David Kertzer

discusses

The Pope and Mussolini:
The Secret History of Pius XI and the Rise of Fascism in Europe

in conversation with JAMES CARROLL

This event includes a book signing

Date

Feb
4
Tuesday
February 4, 2014
8:30 PM ET

Location

Harvard Book Store
1256 Massachusetts Ave., Cambridge, MA 02138

Tickets

This event is free; no tickets are required.

Harvard Book Store is pleased to welcome DAVID KERTZER, finalist for the National Book Award, and JAMES CARROLL, scholar-in-residence at Suffolk University, for a discussion of Kertzer's book, The Pope and Mussolini: The Secret History of Pius XI and the Rise of Fascism in Europe.

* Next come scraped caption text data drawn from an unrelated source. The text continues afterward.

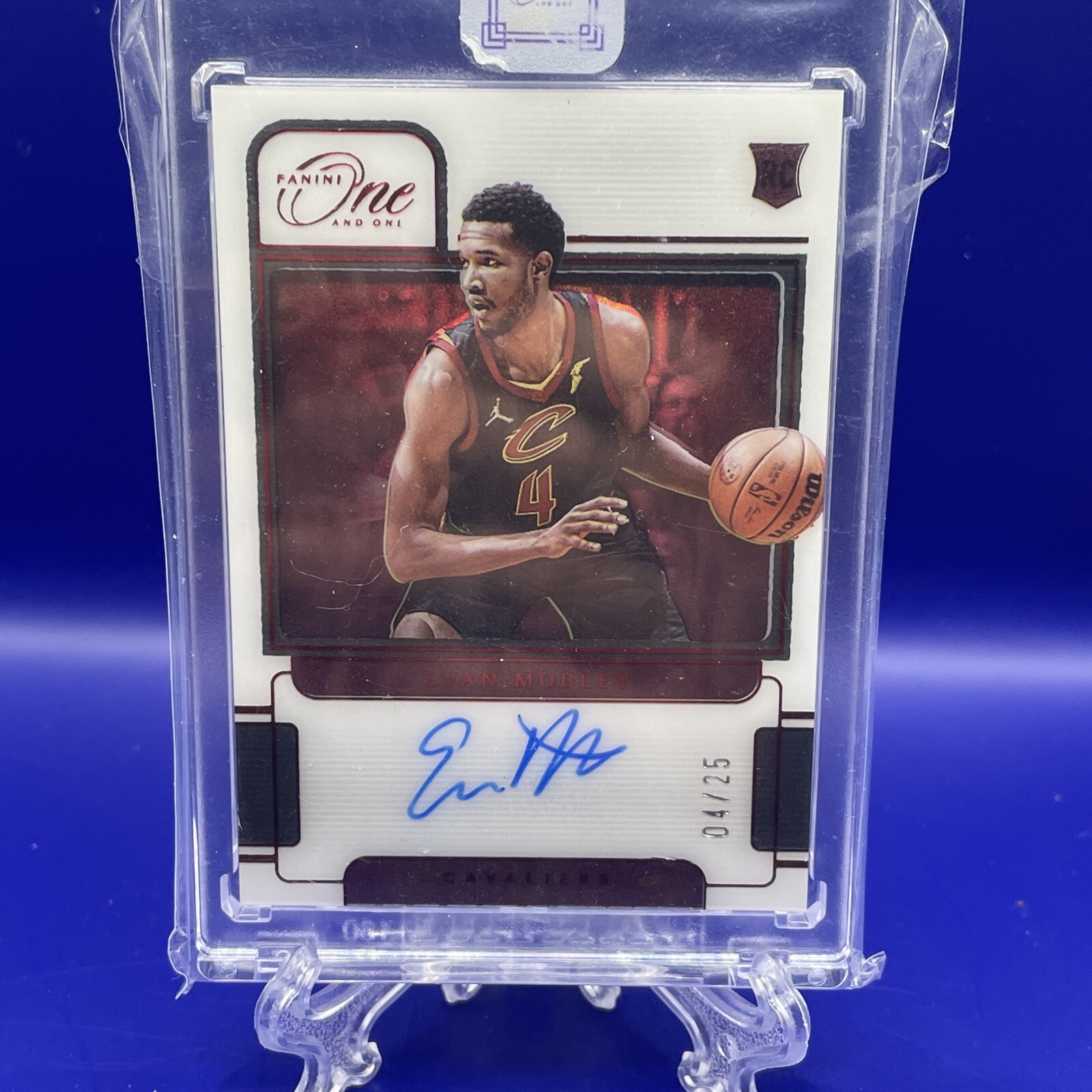 2021-22 Panini 1&1 Rookie Autograph Red 4/25 Jersey # Evan Mobley Cleveland Cavs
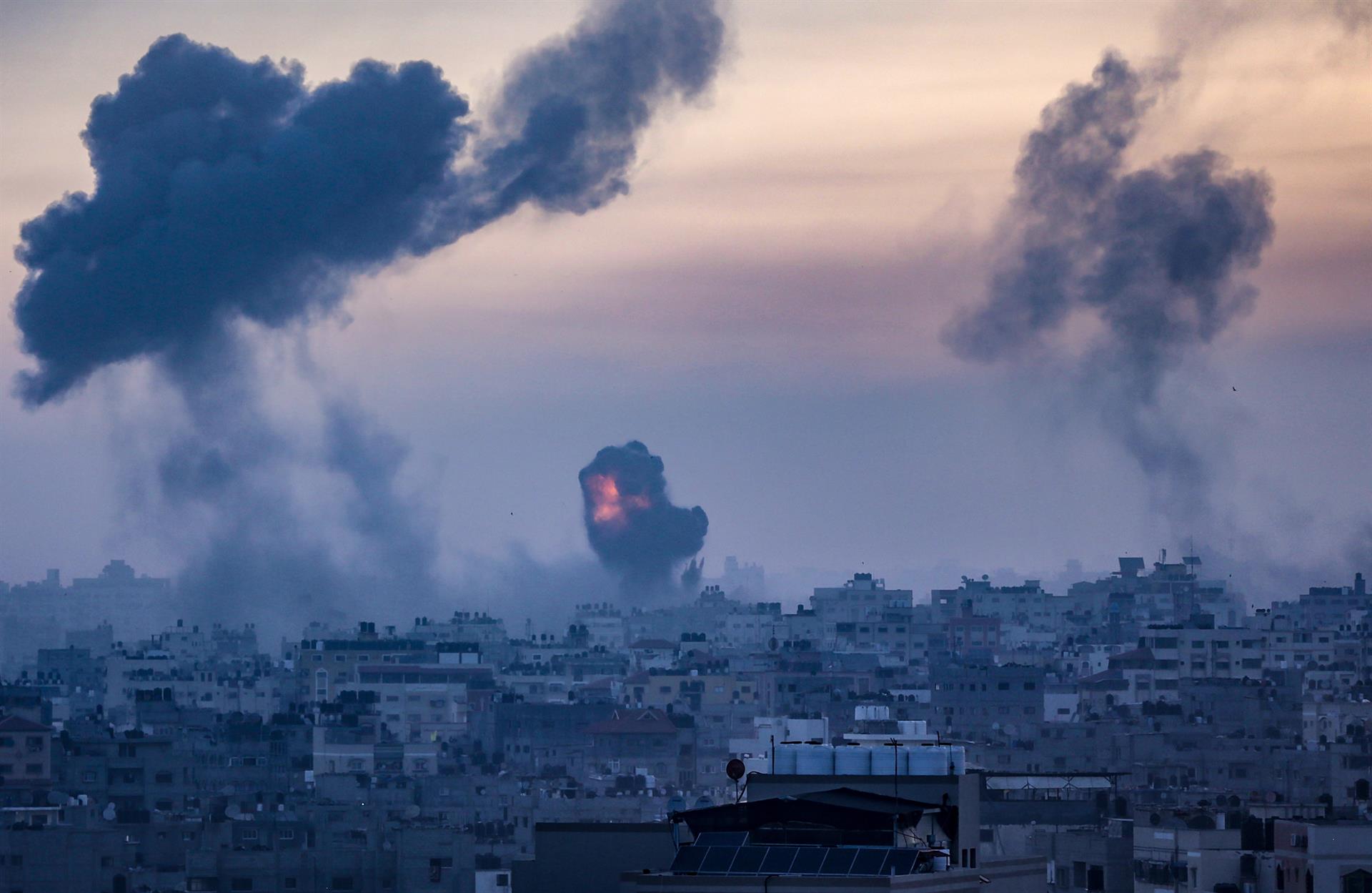 Los últimos bombardeos israelíes en Gaza elevan a 48 los muertos, 14 de ellos niños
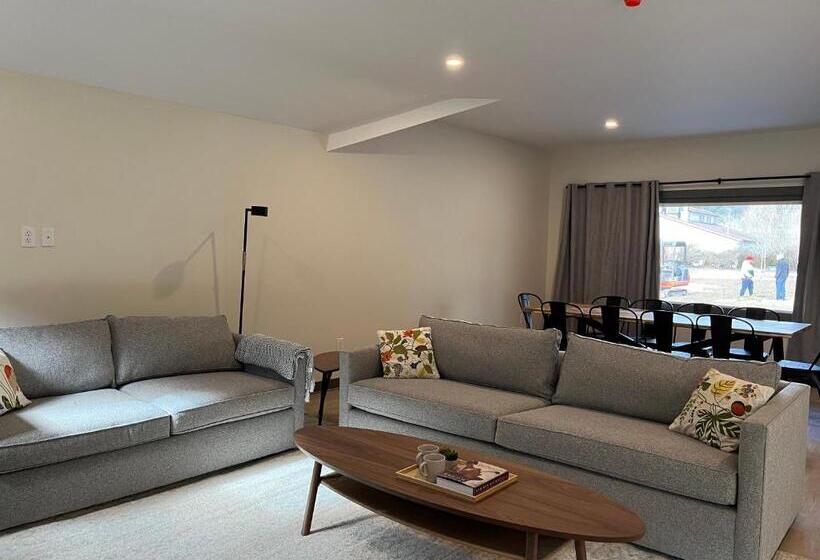 침실 2개 아파트, East Rock Inn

The Pope and Mussolini tells the story of two men who came to power in 1922, and together changed the course of twentieth-century history. In most respects, they could not have been more different. One was scholarly and devout, the other thuggish and profane. Yet Pius XI and “Il Duce” had many things in common. They shared a distrust of democracy and a visceral hatred of Communism. Both were prone to sudden fits of temper and were fiercely protective of the prerogatives of their office. (“We have many interests to protect,” the Pope declared, soon after Mussolini seized control of the government in 1922.) Each relied on the other to consolidate his power and achieve his political goals.
 
In a challenge to the conventional history of this period, in which a heroic Church does battle with the Fascist regime, Kertzer shows how Pius XI played a crucial role in making Mussolini’s dictatorship possible and keeping him in power. In exchange for Vatican support, Mussolini restored many of the privileges the Church had lost and gave in to the pope’s demands that the police enforce Catholic morality. Yet in the last years of his life—as the Italian dictator grew ever closer to Hitler—the pontiff’s faith in this treacherous bargain started to waver. With his health failing, he began to lash out at the Duce and threatened to denounce Mussolini’s anti-Semitic racial laws before it was too late. Horrified by the threat to the Church-Fascist alliance, the Vatican’s inner circle, including the future Pope Pius XII, struggled to restrain the headstrong pope from destroying a partnership that had served both the Church and the dictator for many years.
 
The Pope and Mussolini brims with memorable portraits of the men who helped enable the reign of Fascism in Italy: Father Pietro Tacchi Venturi, Pius’s personal emissary to the dictator, a wily anti-Semite known as Mussolini’s Rasputin; Victor Emmanuel III, the king of Italy, an object of widespread derision who lacked the stature—literally and figuratively—to stand up to the domineering Duce; and Cardinal Secretary of State Eugenio Pacelli, whose political skills and ambition made him Mussolini’s most powerful ally inside the Vatican, and positioned him to succeed the pontiff as the controversial Pius XII, whose actions during World War II would be subject for debate for decades to come.
 
With the recent opening of the Vatican archives covering Pius XI’s papacy, the full story of the Pope’s complex relationship with his Fascist partner can finally be told. Vivid, dramatic, with surprises at every turn,The Pope and Mussolini is history writ large and with the lightning hand of truth.

David I. Kertzer
David I. Kertzer

David I. Kertzer

David I. Kertzer is the Paul Dupee, Jr. University Professor of Social Science and professor of anthropology and Italian studies at Brown University, where he served as provost from 2006 to 2011. He is the author of twelve books, including The Pope and Mussolini, winner of the 2015 Pulitzer Prize for biography and the American Historical Association Prize for best book on Italian history; The Popes Against the Jews, a finalist for the Mark Lynton History Prize; and The Kidnapping of Edgardo Mortara, a finalist for the National Book Award in 1997. He has twice been awarded the Marraro Prize from the Society for Italian Historical Studies for the best book on Italian history and in 2005 was elected to membership in the American Association of Arts and Sciences.

James Carroll
James Carroll

James Carroll

James Carroll is the author of twelve novels, and eight works of non-fiction. For twenty-three years, he wrote an oped column for The Boston Globe, and his work has appeared in The New Yorker, The Atlantic, and other publications. He has received the National Book Award, the PEN Galbraith Award, and the Scripps Howard Award. In 2021, he will publish The Truth at the Heart of the Lie: How the Catholic Church Lost its Soul. He lives in Boston with his wife, the writer Alexandra Marshall.